The Council agreed today1 on a draft directive extending the scope for the mandatory automatic exchange of information between tax administrations, enabling them to better combat tax evasion and to improve the efficiency of tax collection.
The proposal brings interest, dividends and other income, as well as account balances and sales proceeds from financial assets, within the scope of the automatic exchange of information. It thus amends directive 2011/16/EU on administrative cooperation in the field of direct taxation.
“Today we took a major step towards greater transparency marking the end of bank secrecy in tax matters in the European Union", said Pier Carlo Padoan, minister of economy and finance of Italy and president of the Council. "We decided to implement within the EU the new global standard on
automatic exchange of information developed by the OECD and endorsed by the G20. This shows the EU is still at the forefront of the fight against cross-border tax fraud and evasion, for the benefit of all citizens.”

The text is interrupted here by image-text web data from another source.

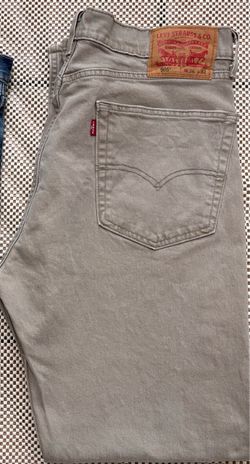 Men’s Levi’s Jean Size 36x32  ( great condition)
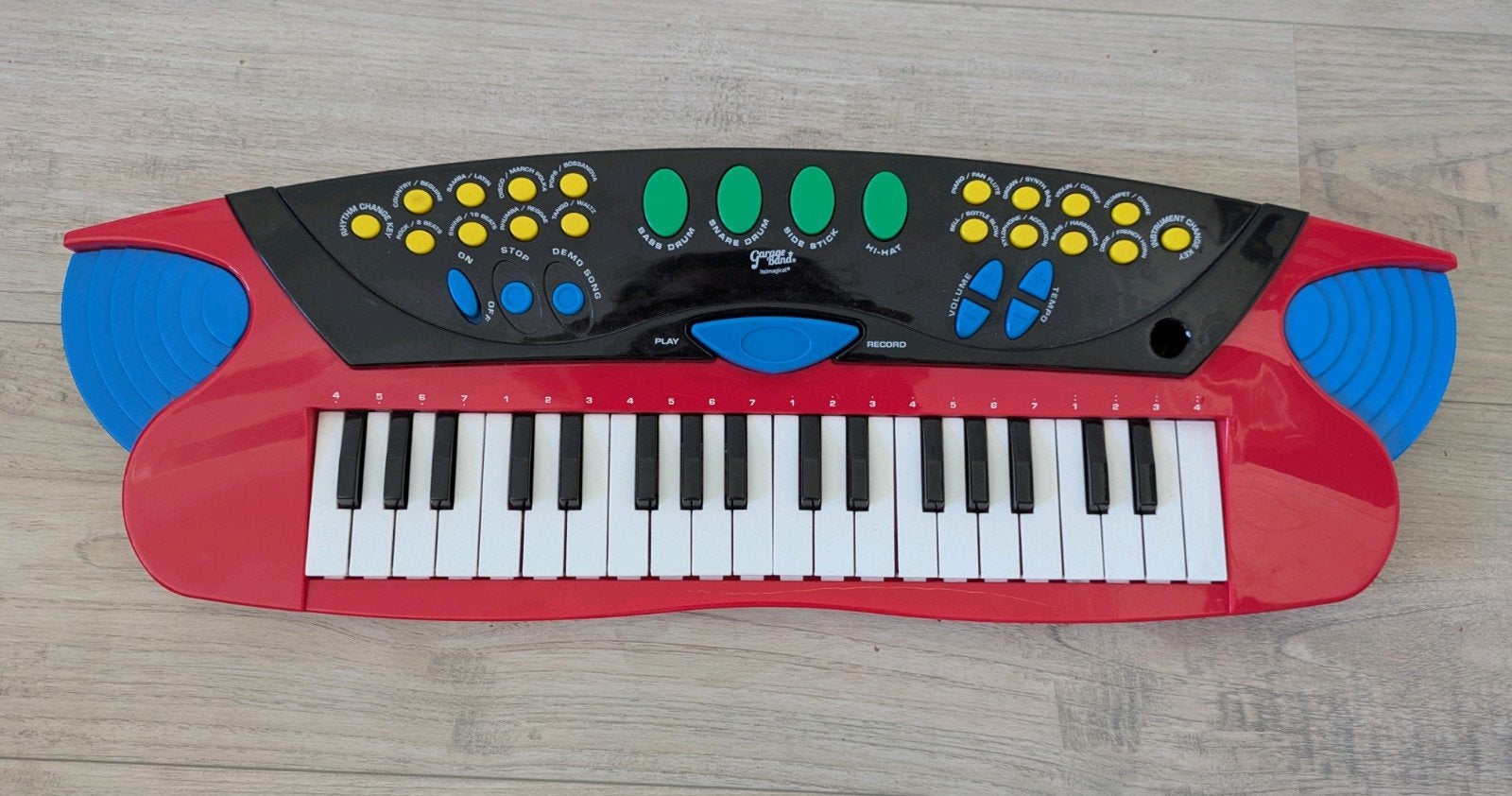 Kinder keyboard met 31 toetsen - Rood/Zwart, Muziek en Instrumenten, Keyboards, Ophalen of Verzenden, Gebruikt, Overige aantallen
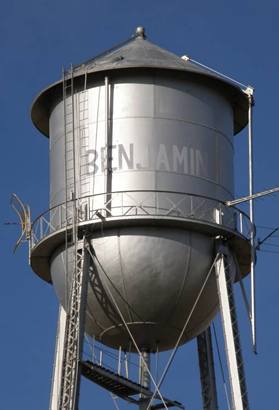 Benjamin Tx water tower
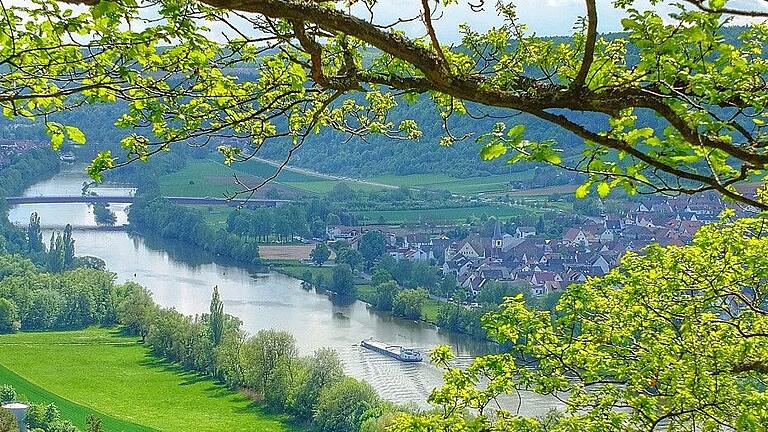 Ein Blick vom Lehrpfad Kalbenstein über die schöne Landschaft des Spessarts.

Directive 2011/16/EU already provides a framework for mutual assistance between the member states, enabling them to better assess taxes due. It sets out the details to be specified in requests for information on taxpayers, and prevents requests from being refused on grounds of bank
secrecy. The directive provides for the mandatory automatic exchange of information on certain categories of income held by taxpayers in member states other than their state of residence. It sets out a step-by-step approach for extending this provision to new categories of income and capital.